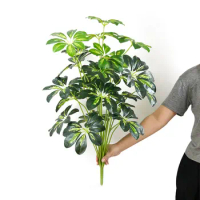 75cm 24 Heads Large Artificial Tropical Plants Monstera Leaves Plastic Jungle Foliage Fake Palm Tree for Home Garden Decoration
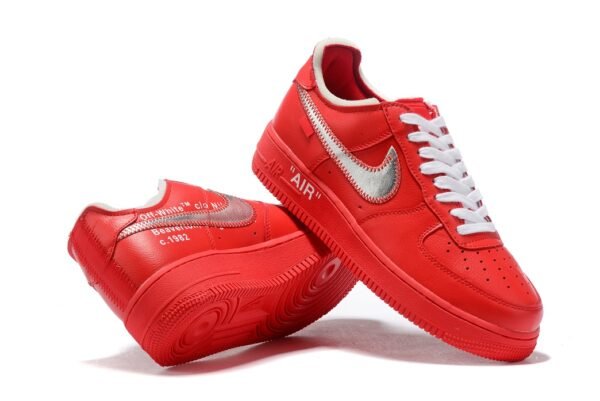 Nike Air Force X Off White 20 Red - Imagen 3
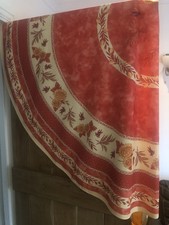Vintage Orange Table Cloth Round French Anti Stain Country Kitchen Table Vibrant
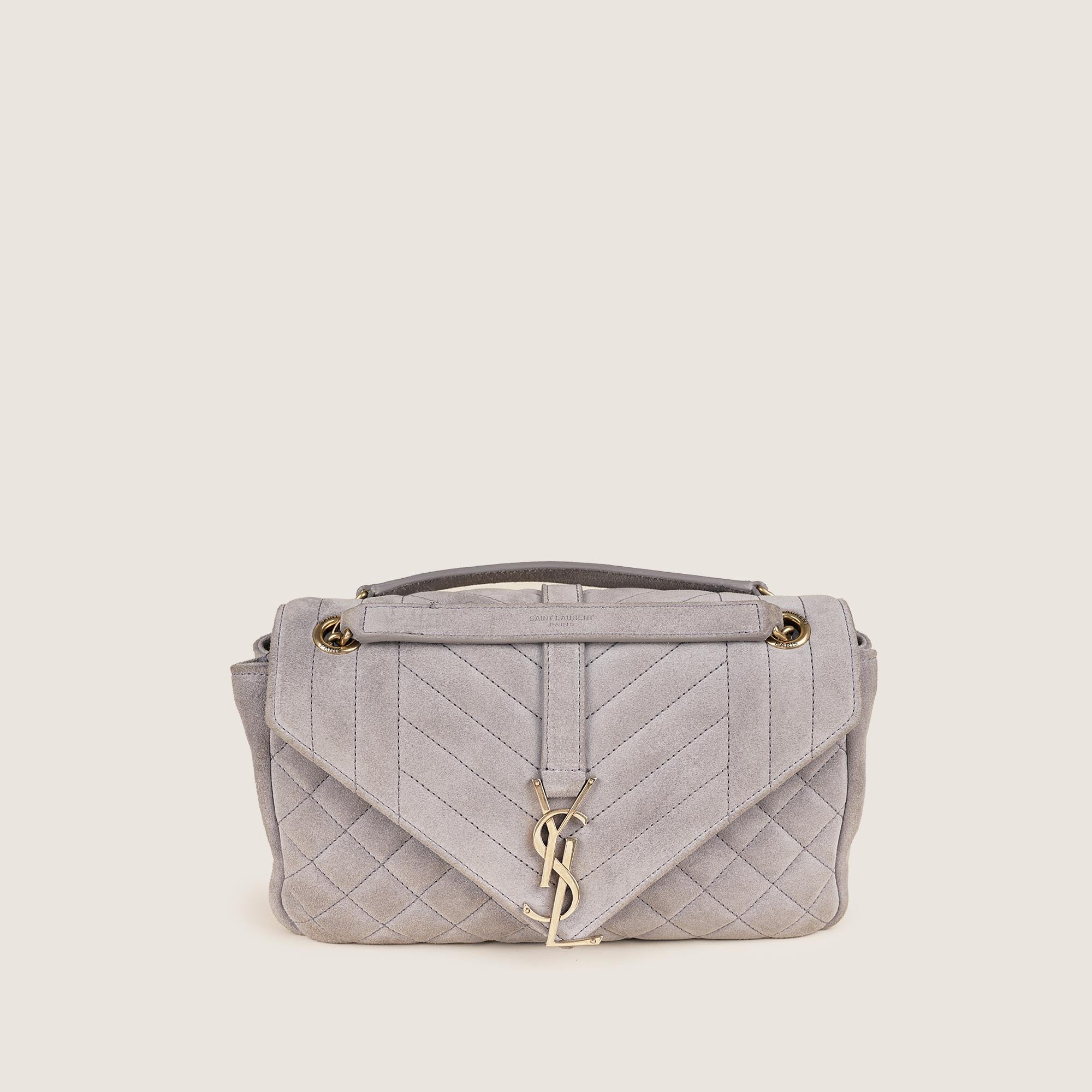 Soft Small Envelope Shoulder Bag - SAINT LAURENT - Affordable Luxury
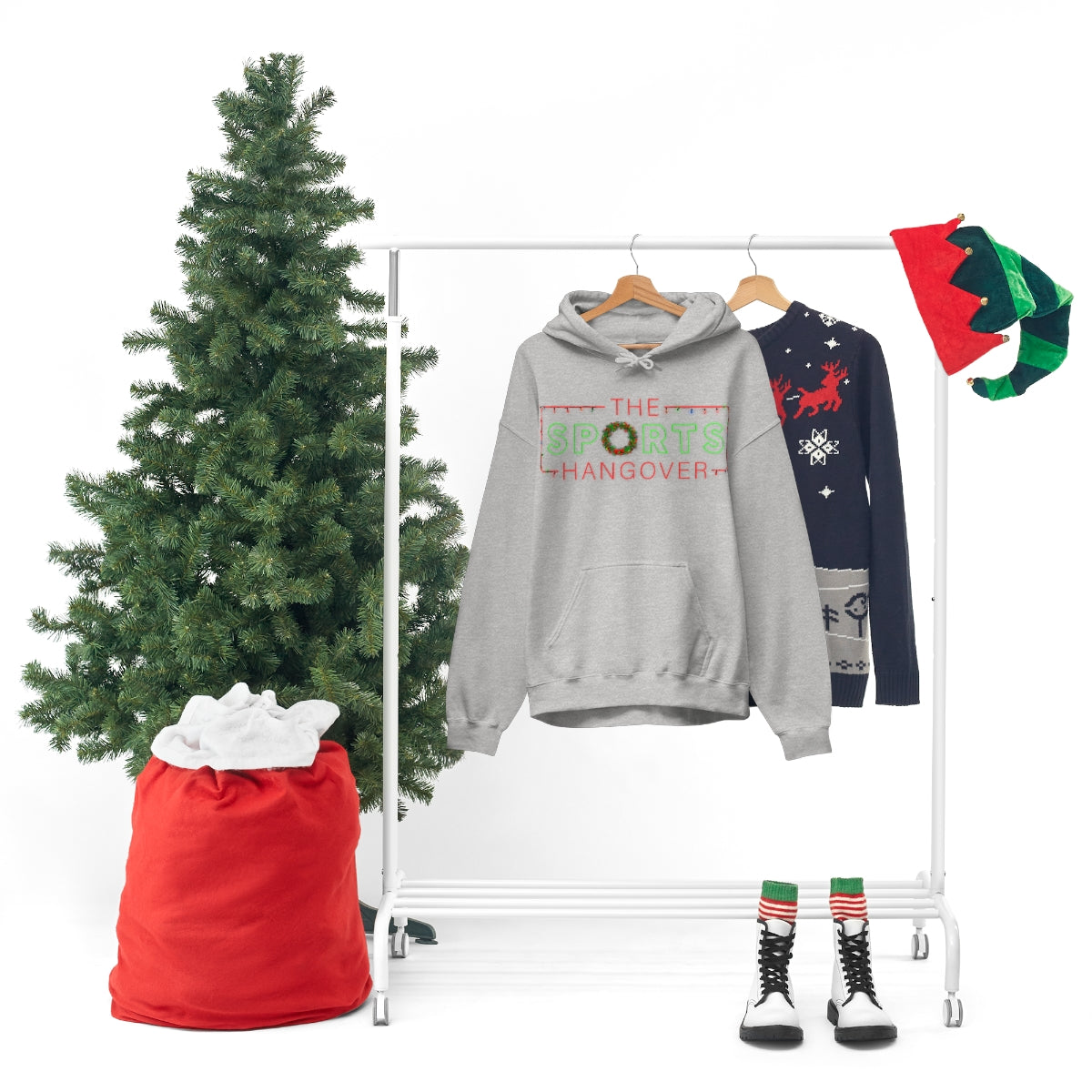 Holiday Hangover Hooded Sweatshirt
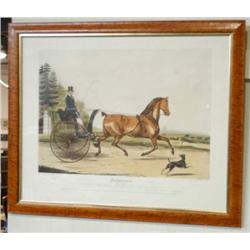 1 RACE HORSE LITHOGRAPH, A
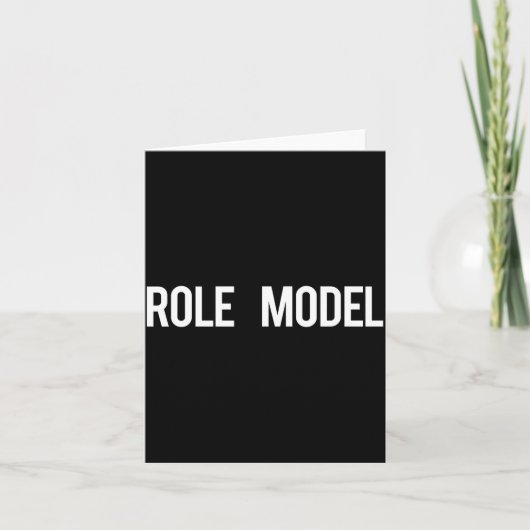 Role Model - Cool New Funny Models Gift Tee  カード (正面)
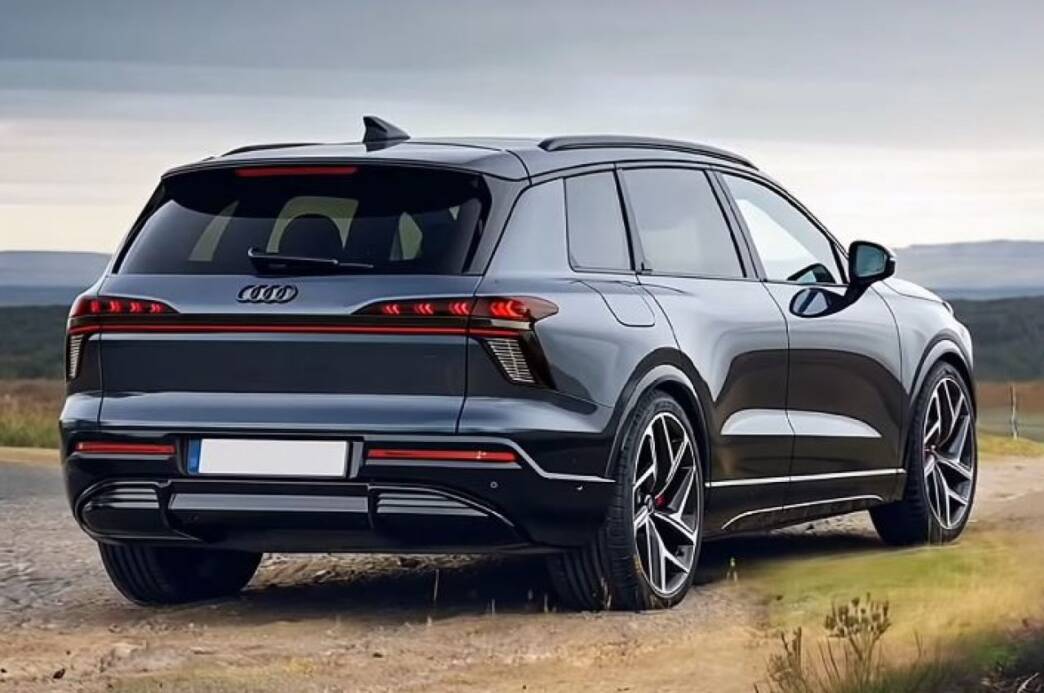 Audi Q9 2026 rendering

→ Work task
Output the lines above in full and exactly as given, omitting any pictures.

→ Your solution
 75cm 24 Heads Large Artificial Tropical Plants Monstera Leaves Plastic Jungle Foliage Fake Palm Tree for Home Garden Decoration
 Nike Air Force X Off White 20 Red - Imagen 3
Vintage Orange Table Cloth Round French Anti Stain Country Kitchen Table Vibrant
 Soft Small Envelope Shoulder Bag - SAINT LAURENT - Affordable Luxury
 Holiday Hangover Hooded Sweatshirt
 1 RACE HORSE LITHOGRAPH, A
 Role Model - Cool New Funny Models Gift Tee  カード (正面)
 Audi Q9 2026 rendering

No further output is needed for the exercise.